Armas não são as únicas coisas que matam policiais
O Dr. Violanti revela que há muitos perigos escondidos na profissão de policial.
[Imagem: Universidade de Buffalo]

O público talvez não perceba - na verdade, os próprios policiais podem não perceber.

Mas os perigos a que os policiais estão expostos diariamente são muito piores do que qualquer coisa que se possa ver nos noticiários das 18:00 horas ou nos seriados de TV.

"Os oficiais de polícia estão expostos ao perigo de tantos elementos diferentes - muitos deles inesperados - que eles estão morrendo e não apenas no trabalho, mas por causa do trabalho," alerta o Dr. John Violanti, da Universidade de Buffalo (EUA).

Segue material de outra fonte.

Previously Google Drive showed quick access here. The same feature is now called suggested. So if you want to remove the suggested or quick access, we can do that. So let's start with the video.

Um estudo anterior do próprio professor Violanti já havia mostrado que, em média, a expectativa de vida dos policiais é significativamente menor do que do restante da população masculina.

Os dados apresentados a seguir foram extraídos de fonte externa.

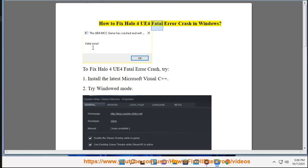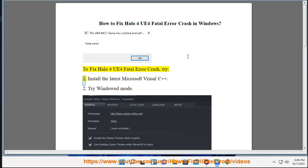How to fix Halo 4 UE4 Fatal Error Crash in Windows. To fix Halo 4 UE4 Fatal Error Crash, try: 1. Install the latest Microsoft Visual C++. 2. Try Windows Mode.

Um resultado que, ele sugere, deve-se ao grau excepcionalmente elevado e prolongado de estresse relacionado ao trabalho policial.

Bandidos escondidos

Neste novo estudo, o pesquisador quis levantar todos os fatores que podem estar ajudando a diminuir a expectativa de vida dos policiais, além dos tiros e acidentes em perseguições.

O resultado é um número alarmante de riscos, que incluem a exposição a laboratórios clandestinos de metanfetaminas, cadáveres, chumbo das armas de fogo, ruídos, radiações de radar, patógenos transmitidos pelo sangue e até o pó usado para coletar impressões digitais, que induz doença pulmonar ocupacional.

"Essas ameaças são agravadas pelos altos níveis de estresse no trabalho da polícia, que se manifestam na forma de taxas de ansiedade, obesidade, transtorno de estresse pós-traumático, hipertensão arterial, doença metabólica, doenças cardiovasculares e suicídios mais elevadas do que a média," disse o médico.

"Eles deveriam estar cientes dos riscos ocultos no seu trabalho. A jornada de trabalho é longa, o salário é frequentemente baixo e uma gama de estressores provocam danos físicos e psicológicos que podem ser graves. Os próprios policiais, juntamente com o público, estão pagando por esses danos e devem estar cientes de programas e práticas que possam aliviar e até mesmo impedir as consequências descritas aqui," concluiu Violanti.